(Dataset items)
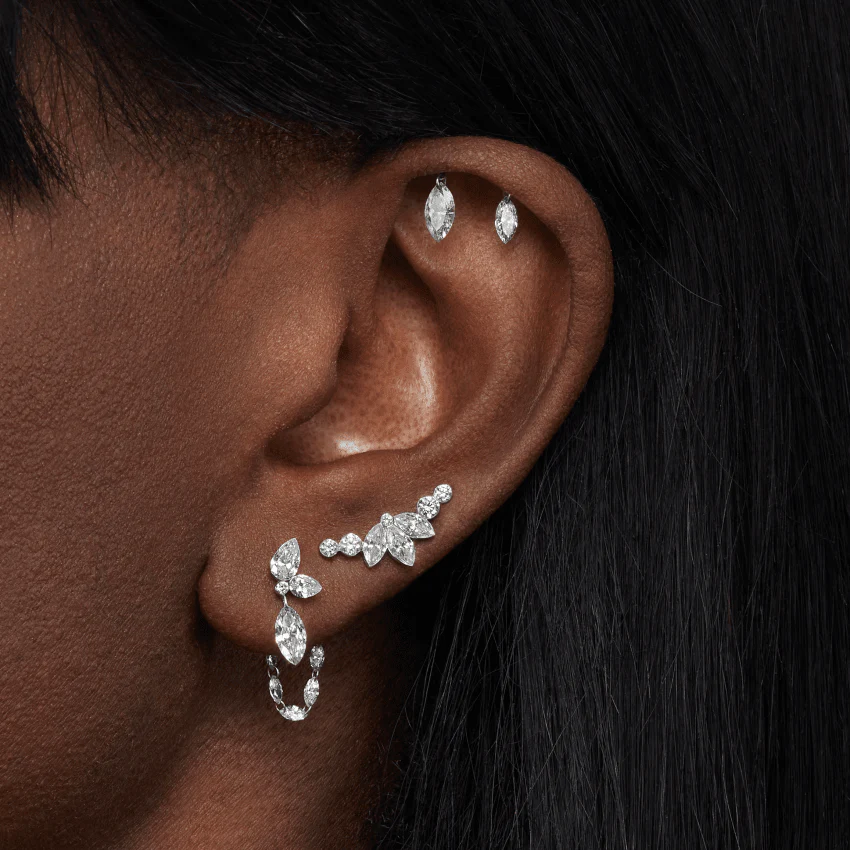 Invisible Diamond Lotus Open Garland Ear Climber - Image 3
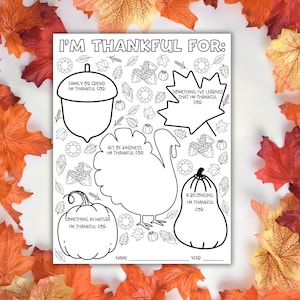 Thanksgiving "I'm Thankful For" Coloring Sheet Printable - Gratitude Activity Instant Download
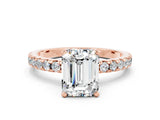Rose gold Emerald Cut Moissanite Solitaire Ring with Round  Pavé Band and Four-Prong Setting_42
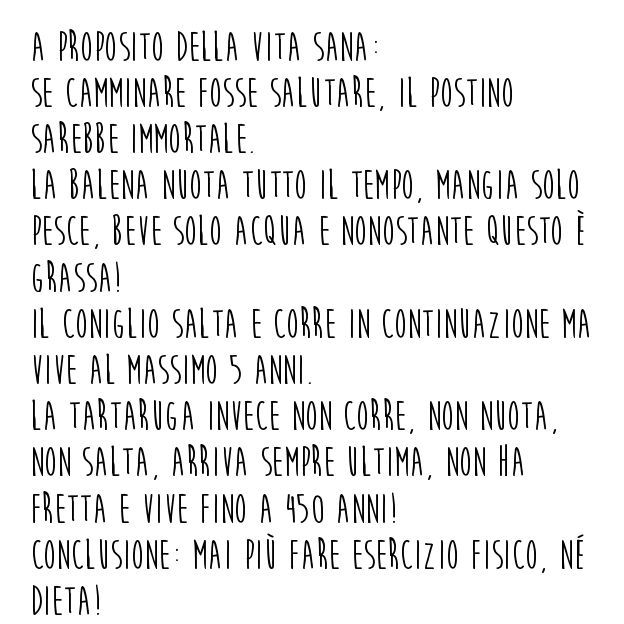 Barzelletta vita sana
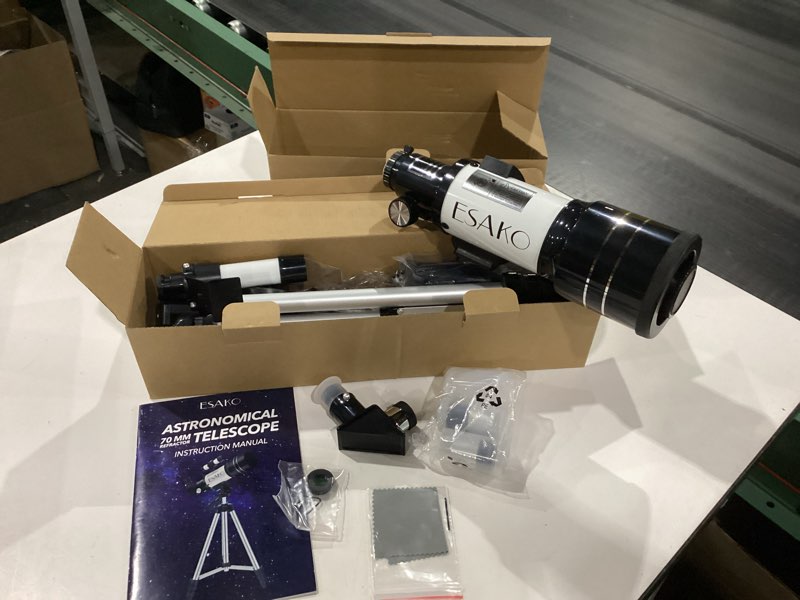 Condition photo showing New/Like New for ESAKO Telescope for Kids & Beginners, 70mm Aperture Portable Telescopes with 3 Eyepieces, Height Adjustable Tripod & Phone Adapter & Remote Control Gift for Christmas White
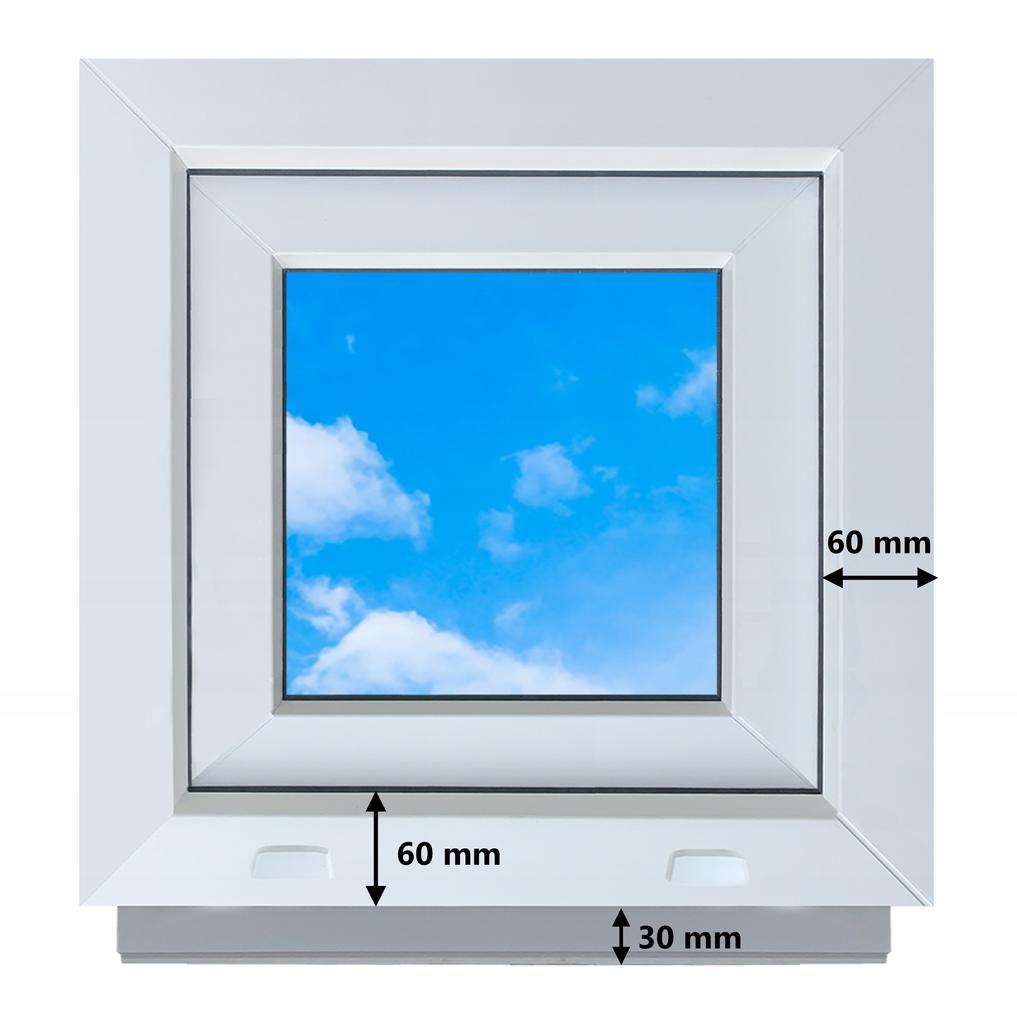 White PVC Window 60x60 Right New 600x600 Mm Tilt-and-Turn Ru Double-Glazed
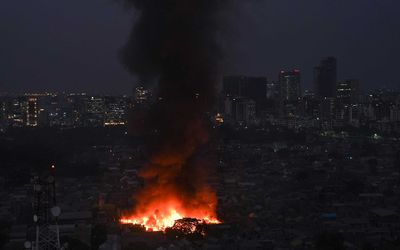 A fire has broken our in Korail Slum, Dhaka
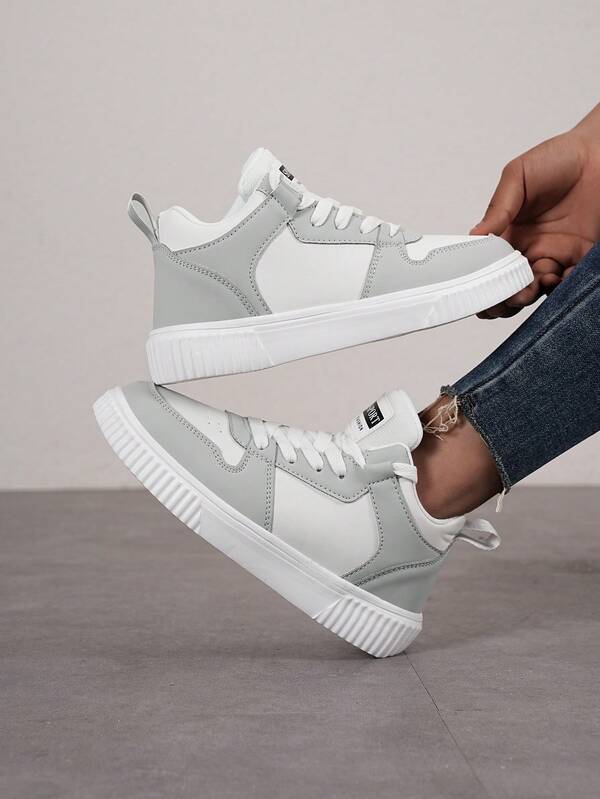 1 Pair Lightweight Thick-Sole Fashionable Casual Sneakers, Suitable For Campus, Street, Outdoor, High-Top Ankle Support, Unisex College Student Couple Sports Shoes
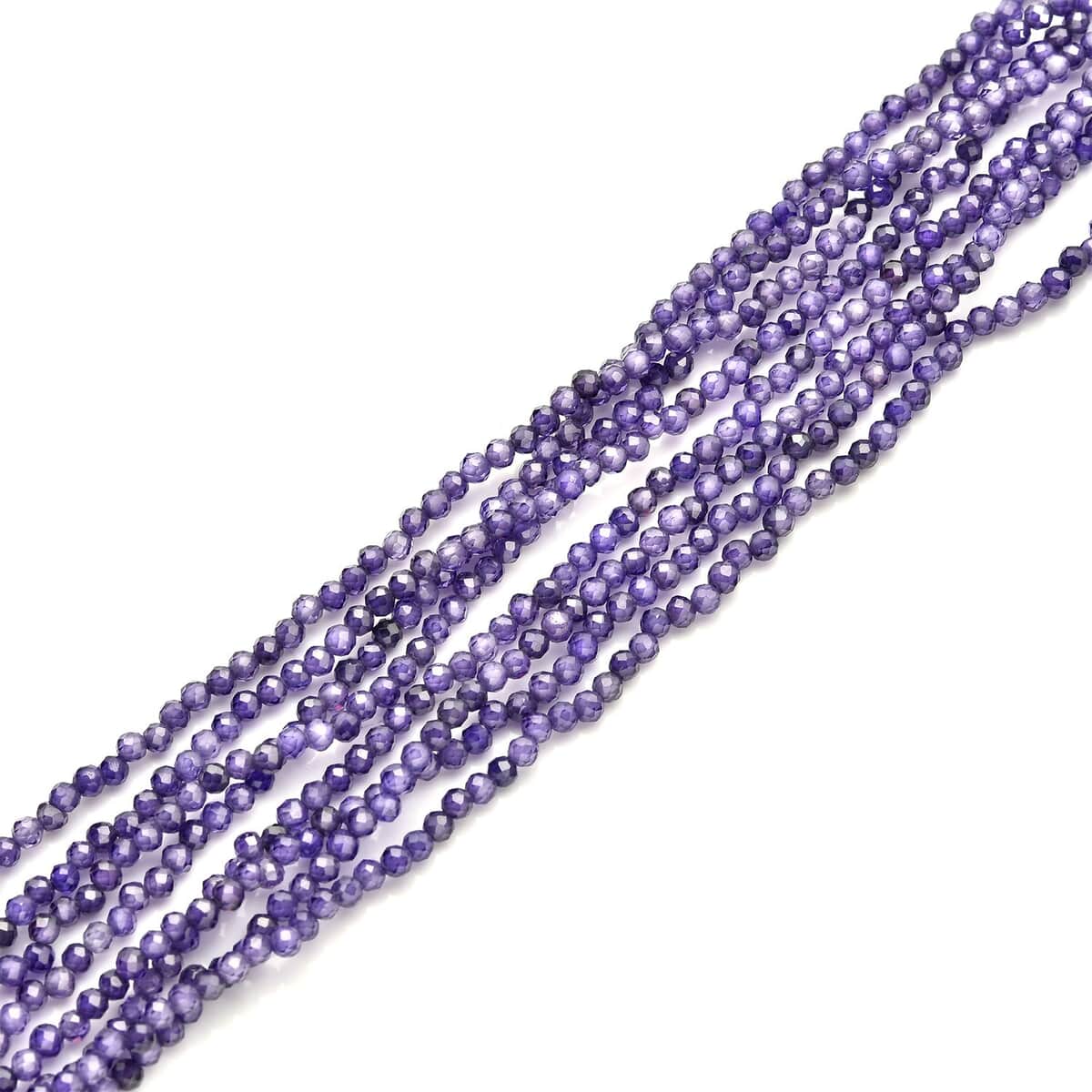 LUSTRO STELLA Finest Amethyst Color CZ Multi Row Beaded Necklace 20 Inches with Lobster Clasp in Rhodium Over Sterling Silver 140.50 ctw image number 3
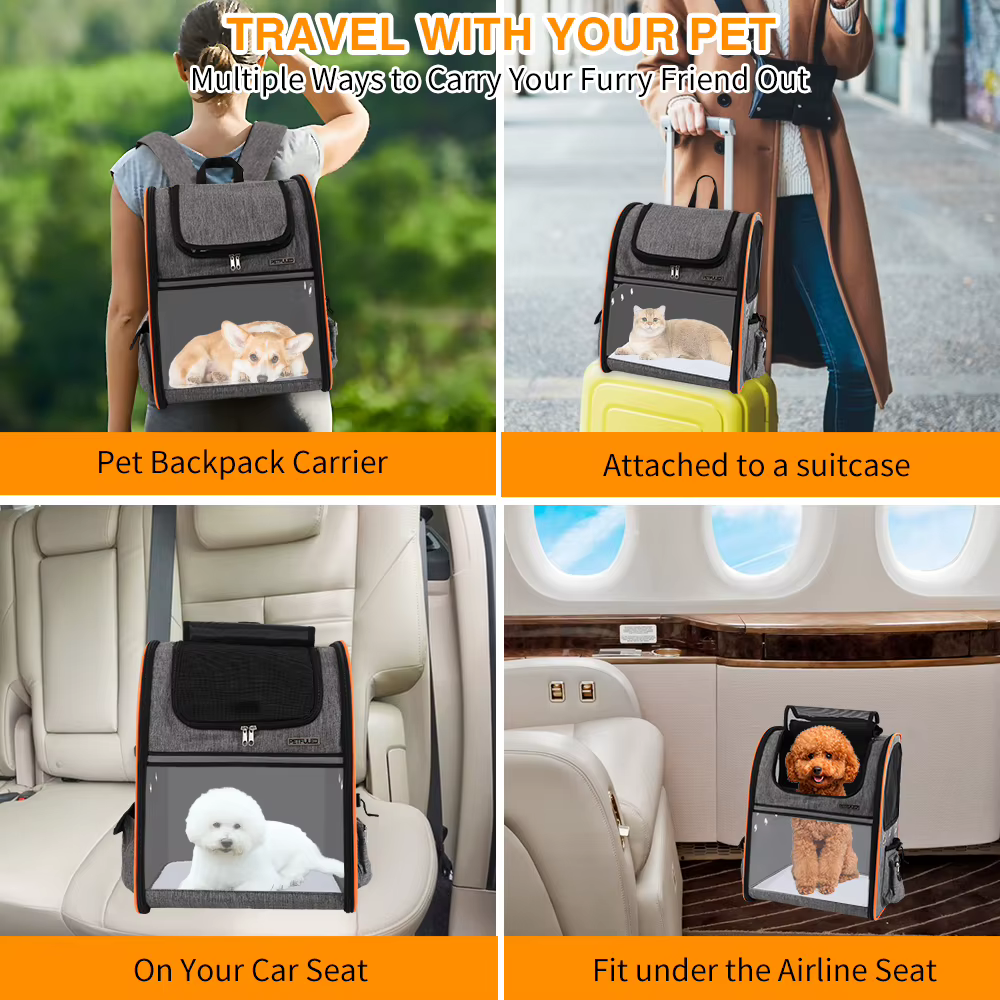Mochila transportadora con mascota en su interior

> Action item
Please repeat exactly the data above from its first line to the line that contains "A fire has broken our in Korail Slum, Dhaka", inclusive, and leave every picture out.

> Answer to the problem
 Invisible Diamond Lotus Open Garland Ear Climber - Image 3
 Thanksgiving "I'm Thankful For" Coloring Sheet Printable - Gratitude Activity Instant Download
Rose gold Emerald Cut Moissanite Solitaire Ring with Round  Pavé Band and Four-Prong Setting_42
 Barzelletta vita sana
 Condition photo showing New/Like New for ESAKO Telescope for Kids & Beginners, 70mm Aperture Portable Telescopes with 3 Eyepieces, Height Adjustable Tripod & Phone Adapter & Remote Control Gift for Christmas White
 White PVC Window 60x60 Right New 600x600 Mm Tilt-and-Turn Ru Double-Glazed
 A fire has broken our in Korail Slum, Dhaka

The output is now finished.